The most direct effect on the efficiency is the temperature of solar modules. I discussed the reasons why the temperature of modules can affect the efficiency of solar cells and the explanation of how can we improve the solar system to decrease the influence of high cell temperature. The scarcity of traditional energy increases, so the scale of use of renewable energy increases. The efficiency of the energy-generating system is the most important factor that users consider. The extent of change in the temperature of solar modules is the highest, so the temperature of solar modules can cause an influential decrease in the efficiency of energy generation. I have used the data based on experiments set by other authors to illustrate the extent of influences of four main variables on the efficiency of the solar cells. I used of the properties of air and water to design two schemes to minimize the effects of high temperatures of solar cells. I compared the change in efficiency under one unit increase in variables.
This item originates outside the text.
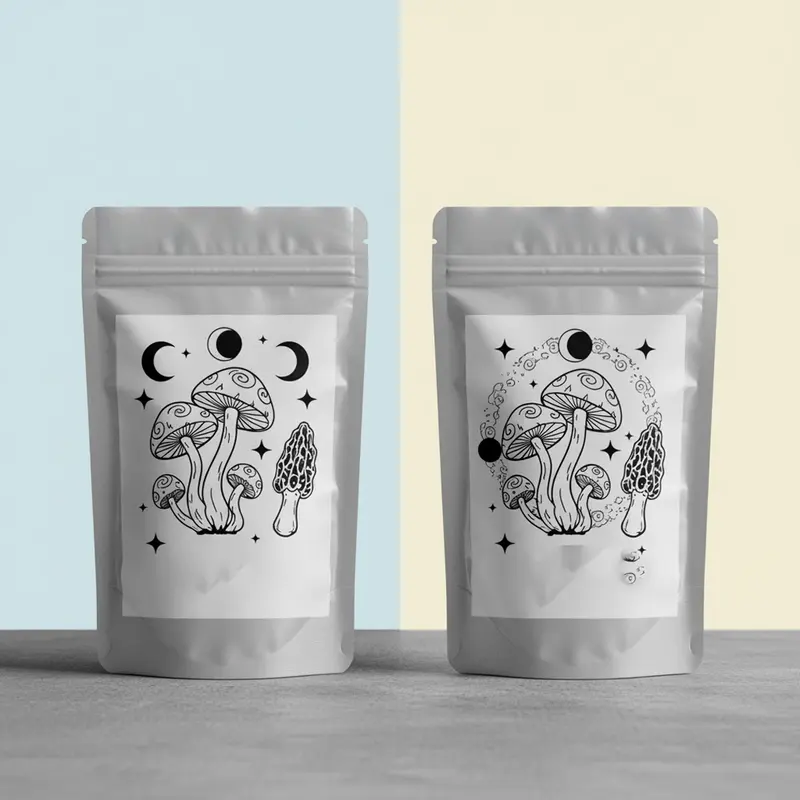 Mushroom Mylar Bags photographed to show finish and proportion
All of the data used in calculating or referring are from different experiments done by different authors. I connected the results with real conditions to determine the most influential variables-temperature of modules. Based on the theoretical result, the shading effect has the largest value of decrease in efficiency, so the effects of shading are considered by manufacturers a lot. Based on real-life situations, the scale of change in the temperature of modules and the actual temperature of modules are always higher than the standard operating temperature, 25℃, so the temperature of modules is the most influential variable. Monocrystalline silicon solar cells have different extents of influence of variables to polycrystalline silicon solar cells, these two types of solar cells are suitable to be installed in regions with low humidity. However polycrystalline solar cells are more sensitive to increases in the temperature of modules, so they need to pay more attention and avoid the effects of high temperature of modules.